À ce titre, les parties signataires rappellent que la législation du travail fixe précisément, aux articles L. 1226-2 et L. 1226-10 du code du travail, les conditions et les délais dans lesquels l'employeur doit formuler des propositions de reclassement au salarié, en tenant compte de l'avis et des propositions du médecin du travail.
Dans les conditions et limites posées par le code du travail, l'obligation de recherche de reclassement s'applique que l'inaptitude soit partielle, totale, temporaire ou définitive et qu'elle soit due à un accident ou une maladie d'origine professionnelle ou non-professionnelle.
Les partenaires sociaux soulignent que ce n'est que dans les situations visées par le code du travail, qu'une procédure de licenciement peut être envisagée vis-à-vis du salarié inapte, précédée, le cas échéant, et lorsque le code du travail le prévoit, de la consultation des délégués du personnel ou du comité social et économique.
Dans les cas où la déclaration d'inaptitude engage l'employeur à chercher des solutions permettant de pallier cette situation, la reconnaissance du statut de travailleur handicapé peut renforcer l'efficacité de la procédure de reclassement car elle permet au salarié et à l'entreprise de bénéficier d'aides financières et de conseils destinés à faciliter le maintien dans l'emploi.
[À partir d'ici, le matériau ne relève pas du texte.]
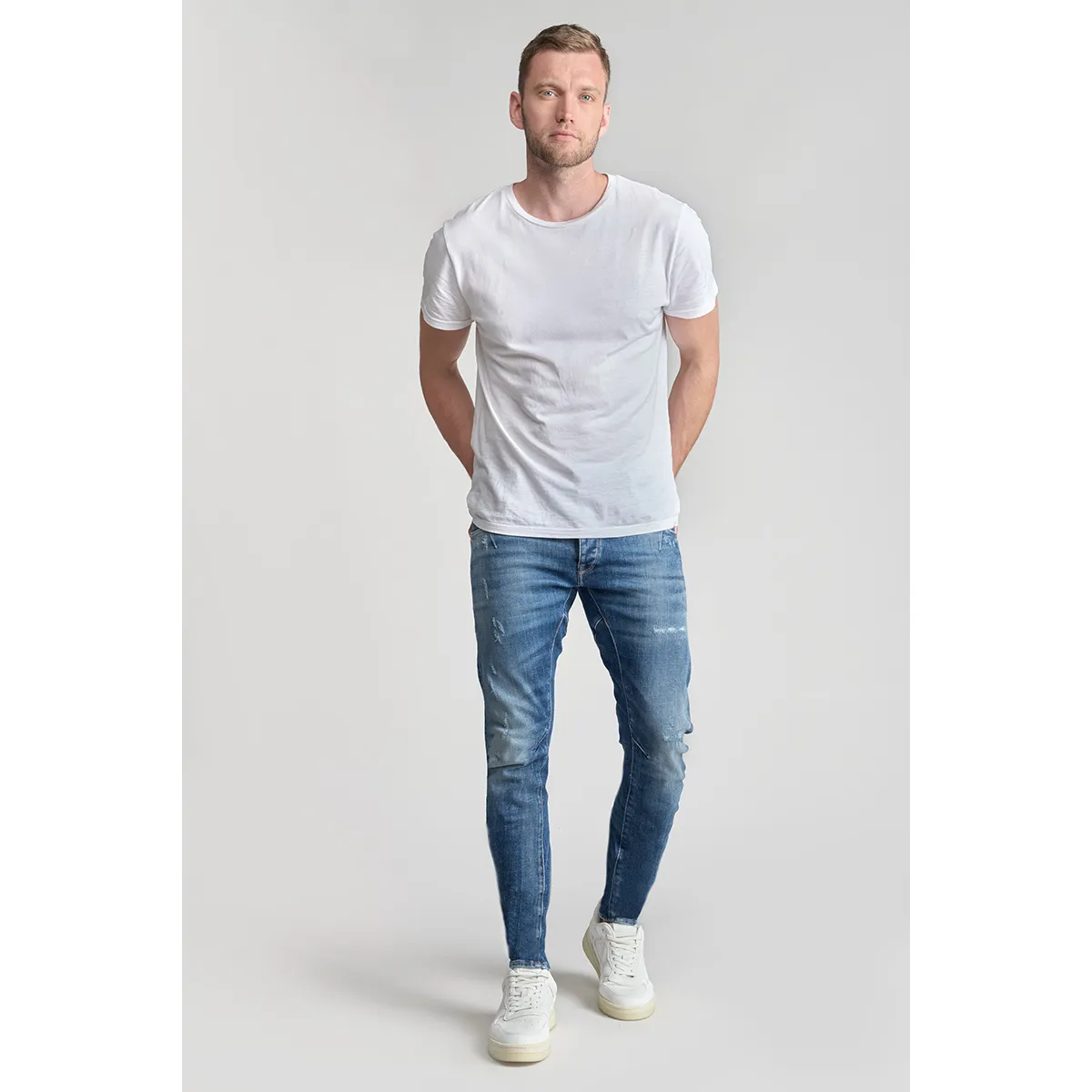 Jeans tapered , largo 34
Ainsi, toutes les aides proposées par l'AGEFIPH supposent que la situation de handicap soit reconnue ou en voie de l'être.
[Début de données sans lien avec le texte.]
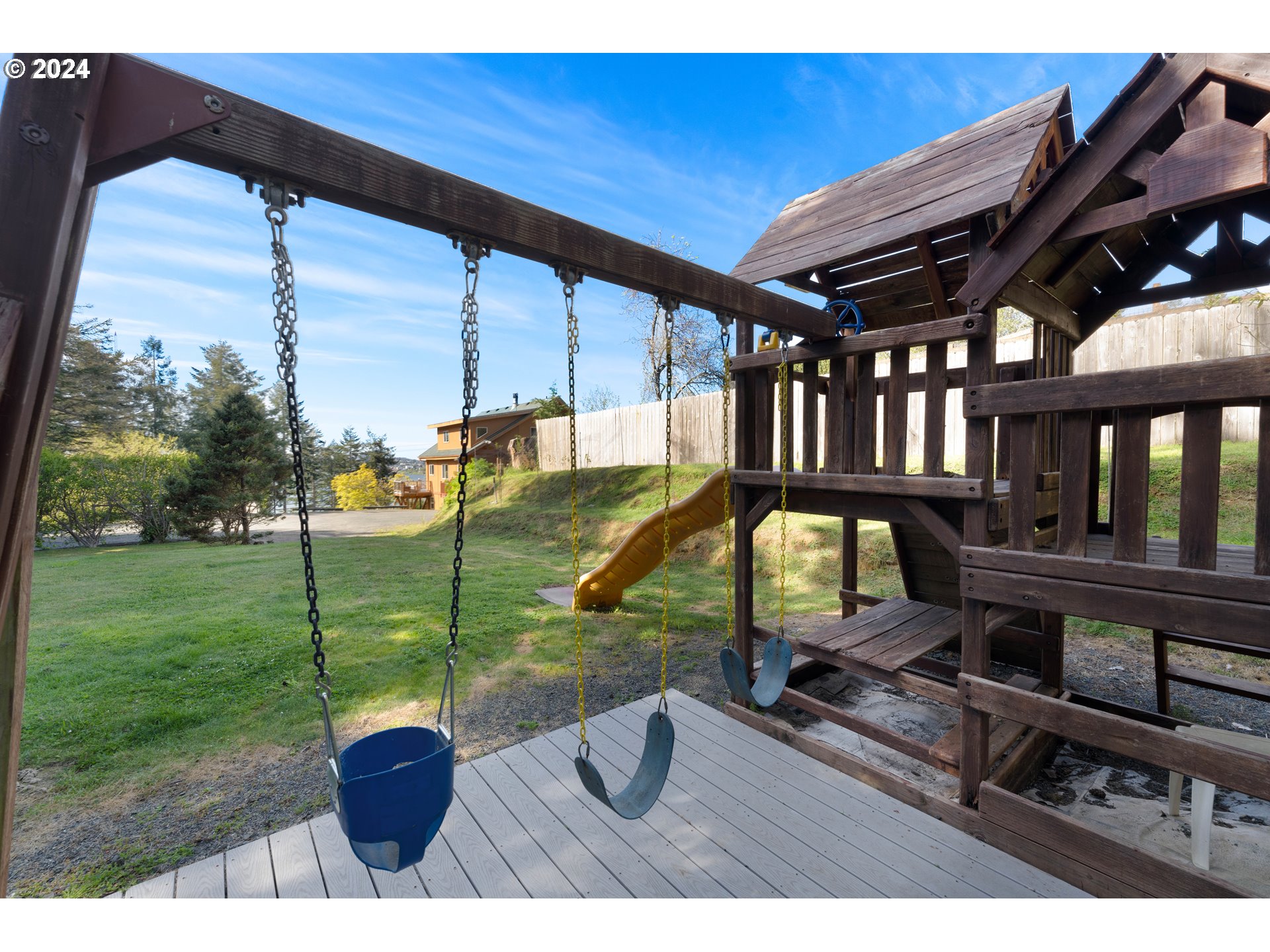66599 Quail Road North Bend, OR 97459 - Photo 42 of 45 a view of a porch with chairs and a yard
Lorsque le licenciement ne peut pas être évité, les partenaires sociaux incitent les entreprises à accompagner autant que possible les salariés dans un processus de reconversion professionnelle, par exemple en informant notamment ces derniers des outils de formation de nature à permettre cette reconversion (bilan de compétence, compte personnel de formation…).